TO DO: Pictures in the data should be dropped; transcribe exactly the lines from the one that has "Gold floral enamel" through the one that has "MaslaClassics's tweet photo.".
*** EXTRACTED RECORDS
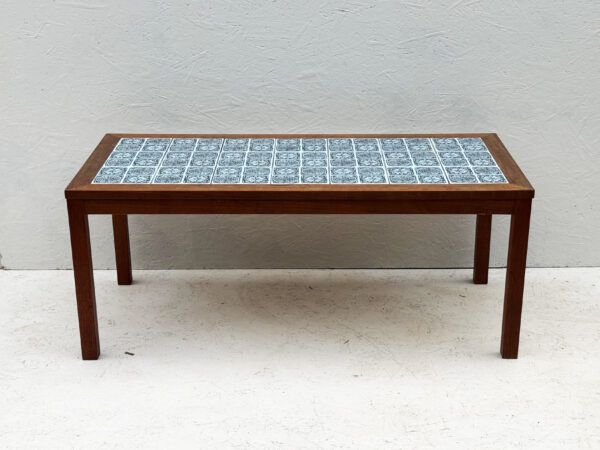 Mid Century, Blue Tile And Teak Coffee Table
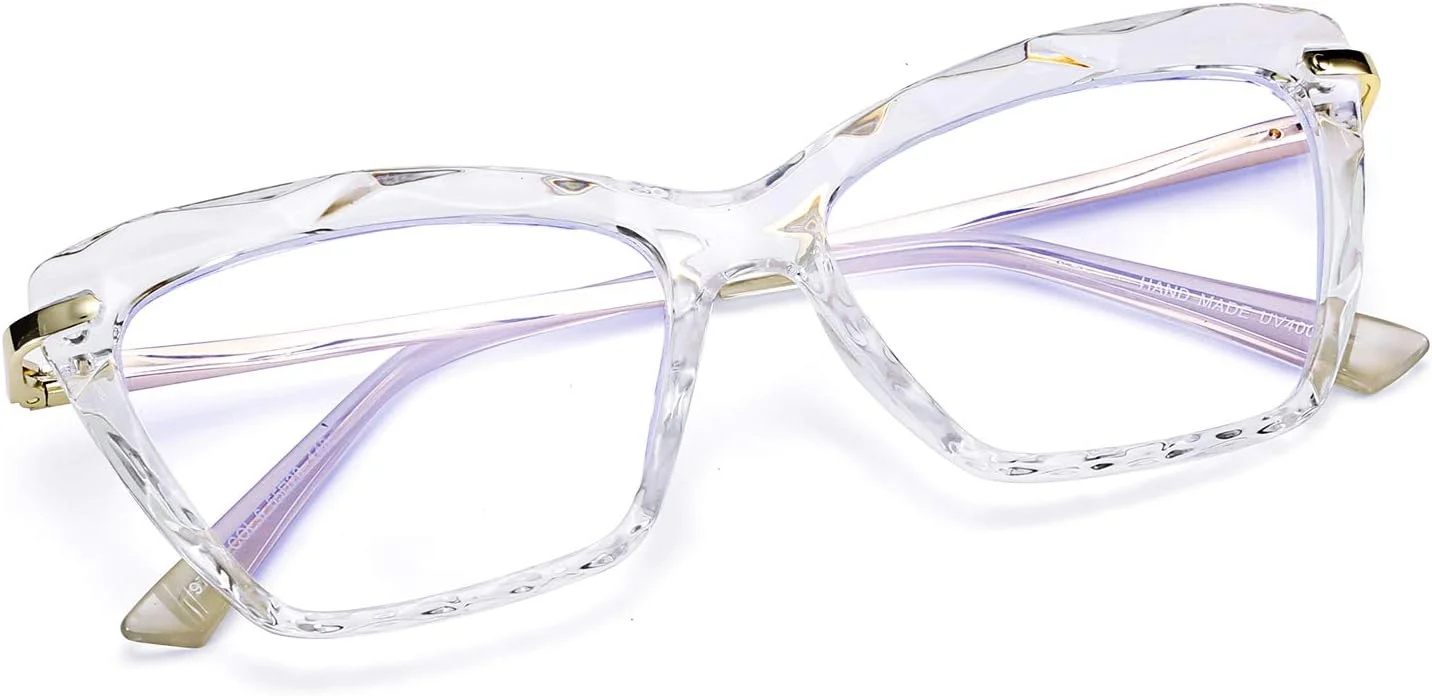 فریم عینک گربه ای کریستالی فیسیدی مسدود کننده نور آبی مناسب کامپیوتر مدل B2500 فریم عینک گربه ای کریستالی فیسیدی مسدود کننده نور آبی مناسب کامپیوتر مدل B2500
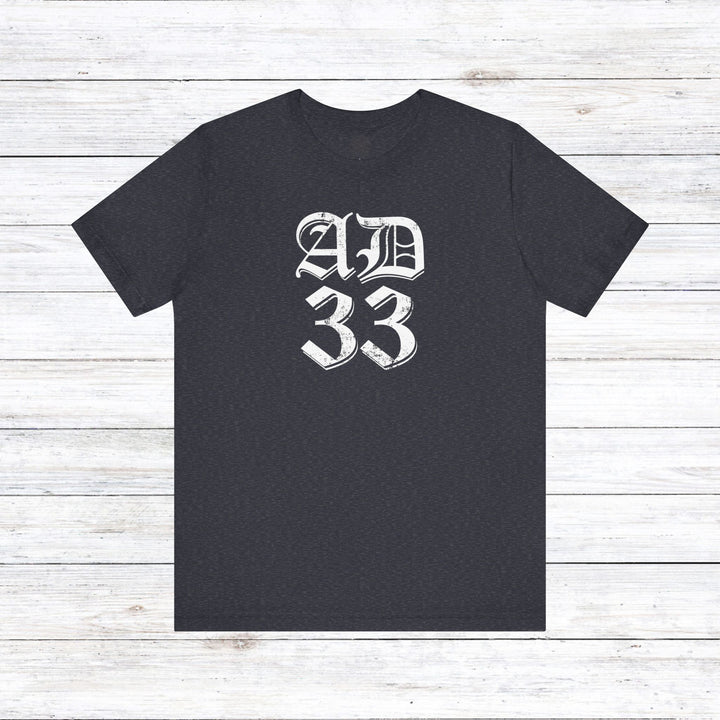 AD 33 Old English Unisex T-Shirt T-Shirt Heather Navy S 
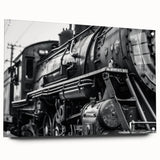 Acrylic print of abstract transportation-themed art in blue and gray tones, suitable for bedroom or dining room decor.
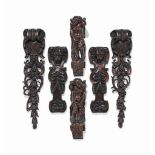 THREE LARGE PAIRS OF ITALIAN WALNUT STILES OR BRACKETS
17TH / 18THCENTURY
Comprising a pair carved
******
*** EXTRACTED RECORDS
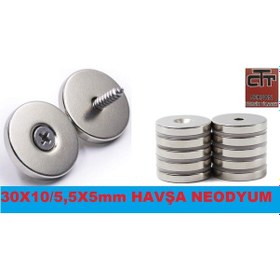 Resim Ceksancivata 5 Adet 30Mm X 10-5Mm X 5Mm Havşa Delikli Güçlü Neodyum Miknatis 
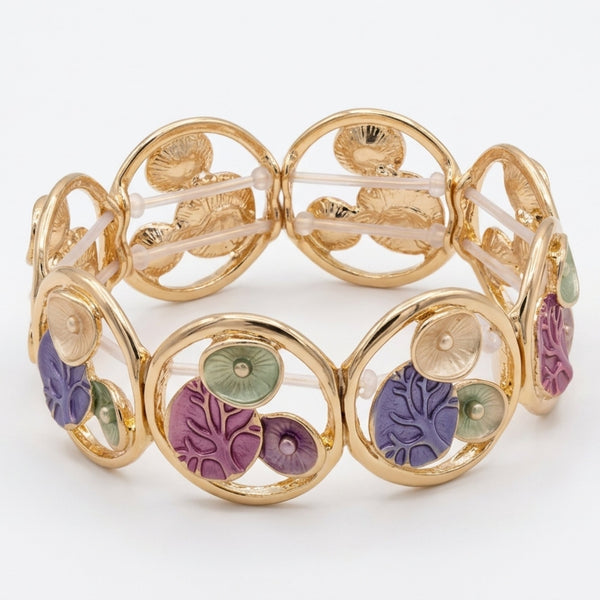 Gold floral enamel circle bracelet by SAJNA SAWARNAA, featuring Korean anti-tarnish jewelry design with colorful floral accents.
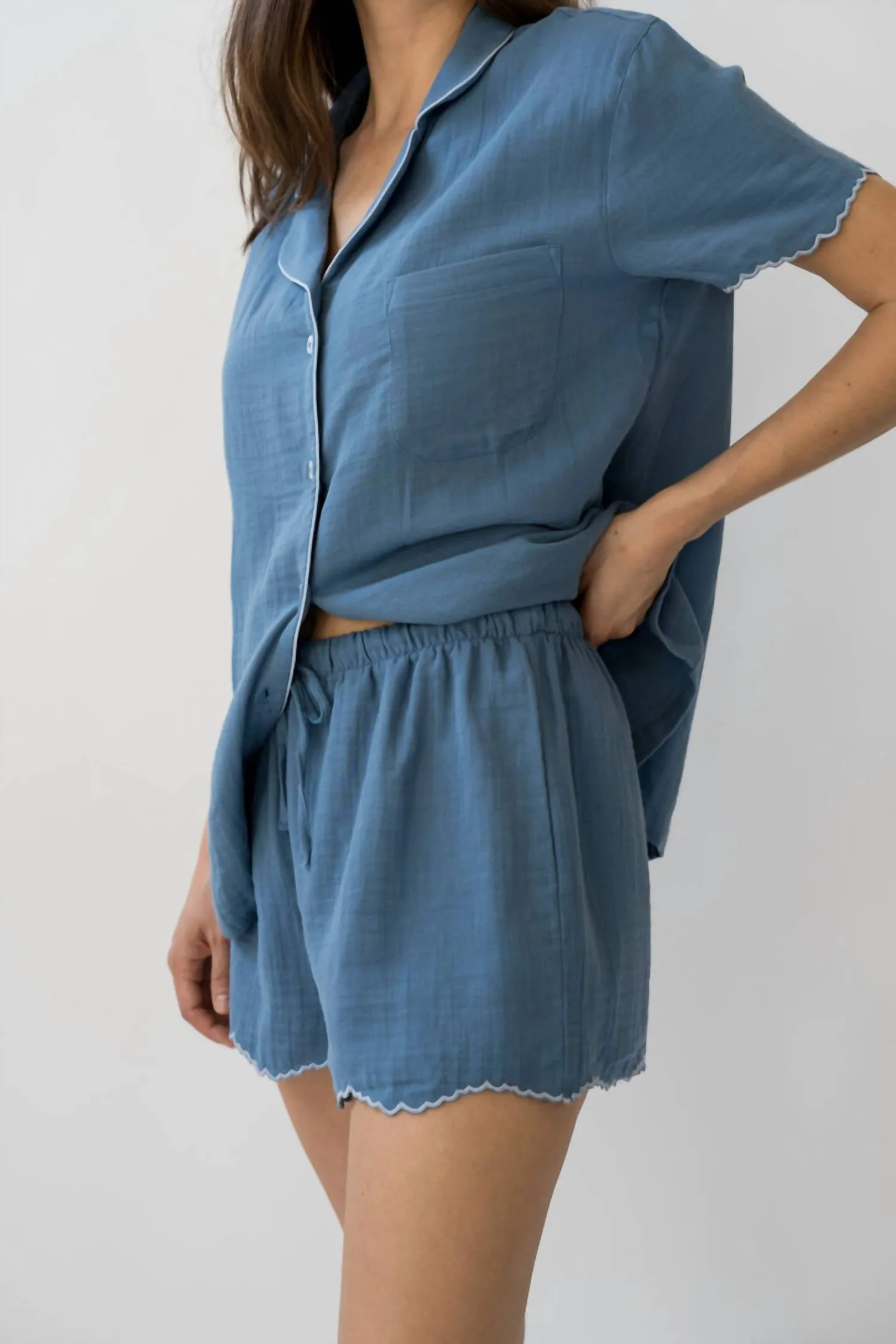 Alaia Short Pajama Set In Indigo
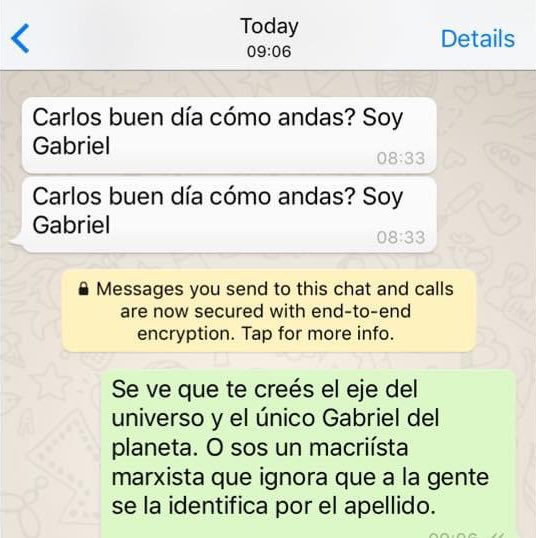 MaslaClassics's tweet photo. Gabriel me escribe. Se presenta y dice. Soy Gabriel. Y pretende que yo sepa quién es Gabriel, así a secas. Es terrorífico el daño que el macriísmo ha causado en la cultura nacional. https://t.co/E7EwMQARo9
******
*** EXTRACTED RECORDS
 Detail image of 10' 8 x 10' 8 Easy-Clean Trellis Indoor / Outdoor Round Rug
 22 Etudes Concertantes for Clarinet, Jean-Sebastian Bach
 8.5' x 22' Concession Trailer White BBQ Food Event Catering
******
EXERCISE RESPONSE:
 Gold floral enamel circle bracelet by SAJNA SAWARNAA, featuring Korean anti-tarnish jewelry design with colorful floral accents.
 Alaia Short Pajama Set In Indigo
 MaslaClassics's tweet photo. Gabriel me escribe. Se presenta y dice. Soy Gabriel. Y pretende que yo sepa quién es Gabriel, así a secas. Es terrorífico el daño que el macriísmo ha causado en la cultura nacional. https://t.co/E7EwMQARo9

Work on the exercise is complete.